June 9th, 2009 at 1:41 am
It looks to me like this was a study destined to fail. For academic purposes a larger screen, easier non-linear navigation, annotation capabilities and some way to share or collaborate are needed. Also, for many classes, color is needed. A dictionary lookup feature would be sorely missed as well.
This is not pleasure reading of strictly fiction. This is academic use, which has greater requirements.
June 10th, 2009 at 2:07 am
I have stated elsewhere that I believe textbooks should be Open and Free. I think there are a number of advantages to this.
A bundle of open (Public Domain or Creative Commons licensed) works would allow:
Easy conversion to the device reqirements of whatever the student has on hand (laptops, PDAs, phones, etcetera)
The ability to print all (POD) or some (copy shop) the information the student might desire on paper
Easy and unfettered sharing of excerpts, images, or any other information associated with the book
Larger, more useful, and more detailed images, charts, and maps than would be available on paper
Links to other relevant sources of information
Protect students from monopoly rents commonly charged by copyright holders (thieves who believe in concepts like “intellectual property”)
Allow students to annotate and share annotated versions of texts or even new remixes of the texts to aid others in the uptake of this information (after all, teachers and authors are not the only people with good ideas about how to learn and memorise)
Protect students from the shortcomings of myopic programmers (few programmers have the ability to predict all the requirements of a piece of software they write, and such requirements change over time in response to cultural changes and user needs)
Give students the best of both worlds: paper and plastic
Once again, these students have already paid the schools for an education. The taxpayers have already paid these schools to educate society. Why are students paying extra for commercial books?

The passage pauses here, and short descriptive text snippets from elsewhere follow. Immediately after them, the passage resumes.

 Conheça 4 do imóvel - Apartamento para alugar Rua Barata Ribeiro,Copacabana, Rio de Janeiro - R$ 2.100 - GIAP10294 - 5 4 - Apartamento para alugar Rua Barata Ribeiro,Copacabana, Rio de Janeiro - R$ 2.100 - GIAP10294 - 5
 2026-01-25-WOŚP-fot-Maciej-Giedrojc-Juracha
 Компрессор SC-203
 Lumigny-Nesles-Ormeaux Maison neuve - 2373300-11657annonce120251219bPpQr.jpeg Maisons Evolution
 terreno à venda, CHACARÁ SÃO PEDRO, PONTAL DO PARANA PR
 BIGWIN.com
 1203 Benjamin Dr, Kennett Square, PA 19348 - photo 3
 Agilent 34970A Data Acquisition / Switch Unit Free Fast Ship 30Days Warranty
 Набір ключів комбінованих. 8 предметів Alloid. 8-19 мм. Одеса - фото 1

Why, indeed, do text books need copyright as an incentive anyway? The incentive to produce text books is clear: without them, teaching is much more difficult. Textbooks, like recipes — which are certainly not subject to copyright — carry their own incentive and do not need an additional monetary one. Books like the Norton Anthologies are uncopyrightable collections of Public Domain works. Why do these textbook publishing houses exist at all?
June 10th, 2009 at 11:36 am
Um… to make money?
LuYu, although your ideas are very idealistic, until you figure out an alternative way to make sure people get paid for the work they do, you can’t expect publishing houses to simply do all that work and give it away for nothing.
To make textbooks “free” to students, we’re talking about radical changes in the way books are produced, who produces them, and how that effort is financed. You’re probably talking about having government take over the book production process altogether, essentially telling ed publishing houses their services are no longer required, and building new materials, formats and relationships with all school systems, literally from scratch. That’s not going to be a quick and easy thing to pull off.
As for the study, I think its best conclusion is that every student should have a laptop to view e-books on, in whatever app best suits them.
June 11th, 2009 at 8:47 am
(Oops!) I accidentally reposted the link to the 6 lessons article, not realizing it was the same as the link here. The duplicate article is now deleted.